Paracetamolu z alkoholem w ogóle nie powinno się łączyć. Jednak, kiedy pojawiają się sytuacje, w których trudno przestrzegać tych zasad, warto pamiętać o kilku kwestiach. Paracetamol w dawce 100-500 mg osiąga maksymalne stężenie w surowicy po upływie 30-60 minut. Biologiczny okres półtrwania (czyli czas, w którym stężenie leku zmniejsza się do połowy wartości wyjściowej) wynosi od 1,5 do 2,5 godzin, więc uznaje się, że lek przestaje działać po 3-4 godzinach. Okres ten ma tendencję do wydłużania się rano w stosunku do godzin popołudniowych o jakieś 15%. Zatem minimum na te 3 godziny należy wstrzymać się z piciem alkoholu, jeżeli wcześniej przyjęto paracetamol. Przestrzegając tego odstępu czasowego, znacznie oddala się niebezpieczeństwo wystąpienia skutków niepożądanych.
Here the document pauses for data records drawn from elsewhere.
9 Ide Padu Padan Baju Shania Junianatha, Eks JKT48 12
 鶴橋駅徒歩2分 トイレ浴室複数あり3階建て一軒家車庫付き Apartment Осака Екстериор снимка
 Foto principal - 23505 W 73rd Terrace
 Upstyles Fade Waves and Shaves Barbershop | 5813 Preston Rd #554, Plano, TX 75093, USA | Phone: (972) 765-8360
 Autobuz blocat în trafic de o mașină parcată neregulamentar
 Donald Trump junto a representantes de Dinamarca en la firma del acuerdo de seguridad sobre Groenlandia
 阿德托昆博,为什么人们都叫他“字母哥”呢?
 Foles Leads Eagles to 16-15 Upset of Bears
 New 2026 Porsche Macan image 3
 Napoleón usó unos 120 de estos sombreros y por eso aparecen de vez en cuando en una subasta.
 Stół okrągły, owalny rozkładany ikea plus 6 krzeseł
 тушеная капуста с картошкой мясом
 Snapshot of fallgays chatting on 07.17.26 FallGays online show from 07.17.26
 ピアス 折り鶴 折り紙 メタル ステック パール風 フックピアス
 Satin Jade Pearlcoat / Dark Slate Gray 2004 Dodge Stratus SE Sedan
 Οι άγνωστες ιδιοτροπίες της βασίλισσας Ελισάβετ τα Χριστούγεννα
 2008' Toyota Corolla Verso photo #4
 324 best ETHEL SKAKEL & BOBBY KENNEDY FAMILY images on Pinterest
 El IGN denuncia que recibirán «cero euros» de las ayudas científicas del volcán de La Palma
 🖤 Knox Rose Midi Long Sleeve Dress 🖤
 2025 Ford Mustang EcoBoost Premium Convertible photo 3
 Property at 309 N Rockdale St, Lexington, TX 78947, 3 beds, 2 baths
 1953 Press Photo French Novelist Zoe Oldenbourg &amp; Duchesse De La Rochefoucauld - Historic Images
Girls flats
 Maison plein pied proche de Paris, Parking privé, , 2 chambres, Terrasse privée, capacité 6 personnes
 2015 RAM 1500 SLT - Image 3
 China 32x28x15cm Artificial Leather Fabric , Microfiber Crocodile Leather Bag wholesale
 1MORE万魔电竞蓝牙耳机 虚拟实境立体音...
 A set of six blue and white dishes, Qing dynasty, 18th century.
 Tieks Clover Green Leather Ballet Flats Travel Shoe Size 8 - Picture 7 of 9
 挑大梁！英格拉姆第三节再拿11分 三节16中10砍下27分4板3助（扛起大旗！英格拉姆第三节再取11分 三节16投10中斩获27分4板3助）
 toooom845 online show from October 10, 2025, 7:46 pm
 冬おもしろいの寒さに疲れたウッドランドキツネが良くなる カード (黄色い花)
Niestety ten mechanizm działania nie jest taki sam w przypadku przyjmowania leku przeciwbólowego po spożyciu alkoholu. Leczenie kaca paracetamolem jest bardzo ryzykowne, przede wszystkim dlatego, że czas eliminacji alkoholu zależy od wielu czynników. Na to, jak długo alkohol utrzymuje się we krwi, wpływają nie tylko ilość i tempo picia oraz to, czy drinki były czymś zagryzane, lecz także rzeczy, na które nie ma się wpływu, czyli wiek, płeć, waga, kondycja wątroby, ogólny stan zdrowia, a nawet samopoczucie. Nie wiedząc dokładnie, jak długo alkohol krąży w krwiobiegu, lepiej nie leczyć ,,zespołu dnia następnego” paracetamolem, a zamiast tego przespać ból mięśni i zawroty głowy, wziąć gorącą kąpiel i zjeść porządny posiłek. Rezultat na pewno nie będzie spektakularny, ale za to z pewnością bezpieczny!